Venezuelan Opposition leader Enrique Capriles walks the streets around his home flanked by bodyguards. In fact, everywhere he goes the bodyguards follow — the threat of attack hovering above his head, not only as the popular opposition to President Hugo Chavez, but also because he has Jewish ancestry.

Within hours of his landslide victory, winning 62 percent in the Democratic Unity’s primary vote on Sunday, Capriles was attacked throughout the country’s media. One local magazine superimposed a Star of David behind his portrait, suggesting his Jewish roots, while governmental officials spurned him as the “face of Imperialism” and an “anti-patriotic candidate.”

Capriles is the grandson of Holocaust survivors, and publicly speaks passionately of their escape from Nazi repression. His openness about his Jewish ancestry has become bait for the Pro-Chavez movement.

A senior governmental official re-tweeted a newspaper cartoon depicting Capriles in pink shorts and a swastika on his arm, squaring up against a muscular Chavez. The insinuation is clear: Enrique Capriles is “bourgeois” and “fascist” – a far cry from the left-leaning Chavez who champions the cause of the lower class.

The 39-year-old governor of Miranda State, Capriles, does not share any formal ties to the local Jewish community but maintains a positive relationship with community leaders and institutions. Although there is no immediate threat of violence against him, the Opposition remains wary and concerned.

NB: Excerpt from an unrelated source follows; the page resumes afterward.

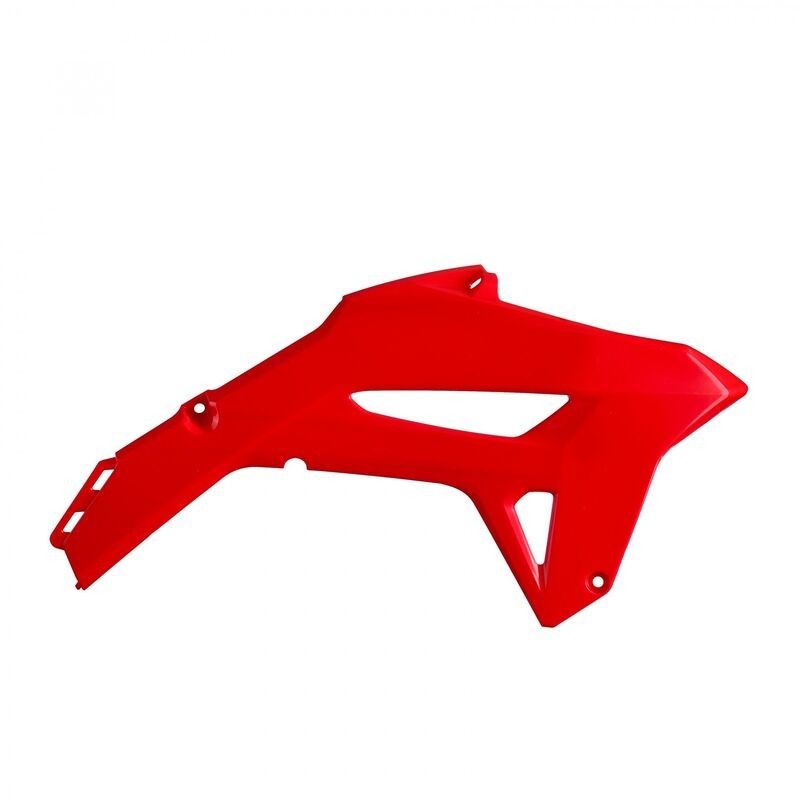 Tapas de radiador Polisport CRF450R. rojo - motoscamaralweb.com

The voter lists from Sunday’s primaries were burned to protect the confidentiality of the voters, in fear of violent reprisals.

In a country ravaged by kidnappings and street crime, a Senior Secretary of Capriles’ MUD party – who spoke anonymously to the Algemeiner for security purposes – noted, “people are afraid” of what the October 7 elections might spell for Capriles and the local Jewish community. The latest victim of a high profile kidnapping was Washington Nationals catcher, Wilson Ramos, who was abducted by gunpoint from his family home on November 9 last year.

However, officials within the Opposition party surmise that Capriles will be attacked only within legal boundaries – yet, enough to ensure another one-sided election. Capriles was jailed for four months in 2002 following his participation in a failed coup-de-tat attempt on Chavez’s rule, and now – according to MUD Party officials – government ministers are looking to disqualify his presidential candidacy by re-opening the case against him.

But this does nothing to assuage the fears of violent reprisals. And in Chavez-ruled Caracas, where there is a civilian homicide rate of 200 per 100,000 inhabitants – one of the highest rates in the world – Capriles, and his hope for social and economic progress, is never safe.